The issue here is that despite our mutual mother tongue- English- I and my husband are from opposite sides of the world, and have very different pronunciation (not to mention vocabulary) for so many things. His Australian accent, while not strong, is still there; and my British accent is, well, decidedly British. I never really noticed it until I realised how it would affect my kids: my pre-schooler asked one morning “Mama, can I have yo-gurt /ˈjoʊ.ɡɚt/ today”… the o as in Oh my God! And that’s just the tip of the iceberg: vitamin, castle and other everyday words just have different pronunciation… my husband, children and I also have to navigate through pavement vs footpath; aubergine vs eggplant; red/ green pepper vs capsicum etc. without even starting on the cultural issues of Marmite vs Vegemite or (proper) football vs Aussie rules, etc…

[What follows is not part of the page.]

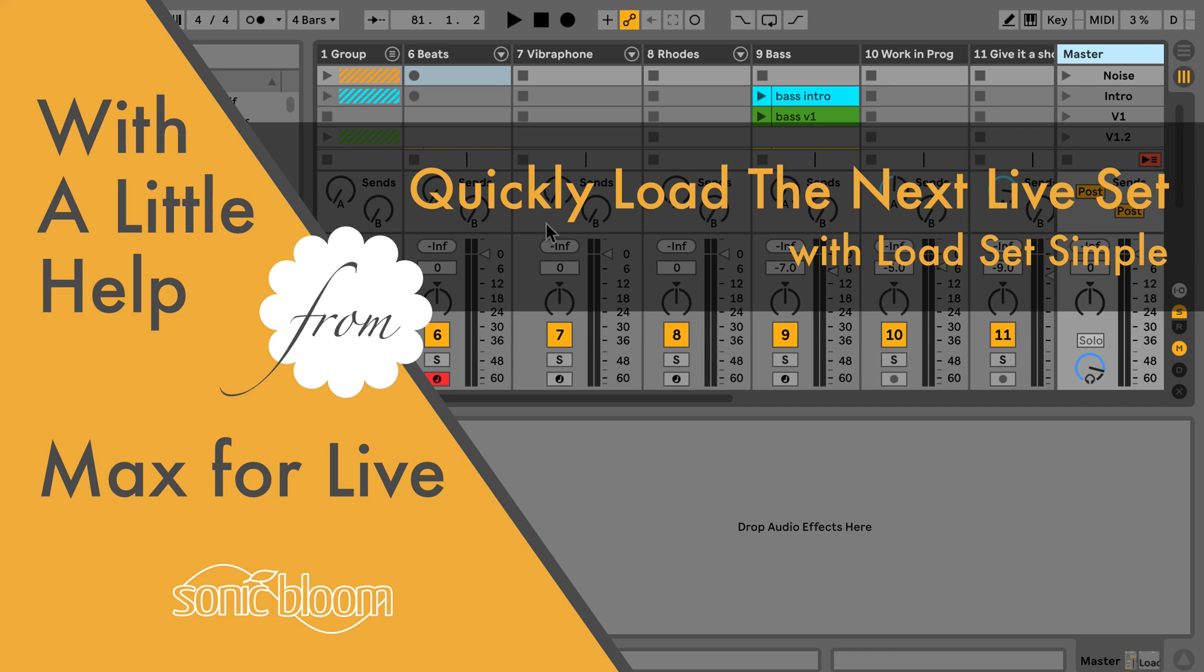Hi, this is Madeleine from Sonic Bloom with a brand new episode in the tutorial series called With a Little Help from Max for Live.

The British are still very class conscious (I highlight class conscious here, not classist), despite the BBC (among other corporations) trying to move away from Received Pronunciation and employing more and more news readers with regional accents. People still judge you by your accent, whether you’re on TV or applying for a job. Maybe there’s now no more Eliza Doolittle and Henry Higgins, but the rain should still fall “mainly in the plain“. Fortunately these distinctions don’t apply to non- British it would seem; other English accents- American, Australian, South African etc.- are all far more accepted, but many people still believe that to fit in properly you need to sound ‘right’.
And so this leads to code switching within a language- to make yourself one of the crowd. Having travelled and worked as a teacher in a lot of countries I have learnt that it is useful (even essential) to be easy to understand, and so my south- eastern British- English accent deserted me somewhat, to become more of an unrecognisable, but unmistakably British still, accent. Now as a teacher when I start with a new class I apologise for my lack of accent, as surely it would be useful to a class to be exposed to a real accent. I have to let them know they will hear some Australian and American in my speech as my husband and my work in the USA have affected how I say certain words… i.e. 4 is always with a strong [r] sound for me now from telephoning in the USA. However, unlike many others, I always found code switching pretty easy- with my Scottish family I pick up a bit of the lilt, and with South African friends in the past I felt that I was taking on some of their accent after a couple of days together. I used to think it was rude and tried not to do it, but now I see that it’s my way of trying to integrate myself and be recognised as one of the crowd.
Ideally I would like to give my children the tools to become expert code-switchers. I don’t want them to buy into the snobbery about language and accent, but rather become skilled enough to go beyond it, to use their English “bilingualism” to their advantage. Hopefully they’ll be able to do the same with other languages that they will learn (as with the Austrian German that they are currently receiving at Kindergarten). In the meantime, I guess I’ll just have to accept that football isn’t what I thought it was.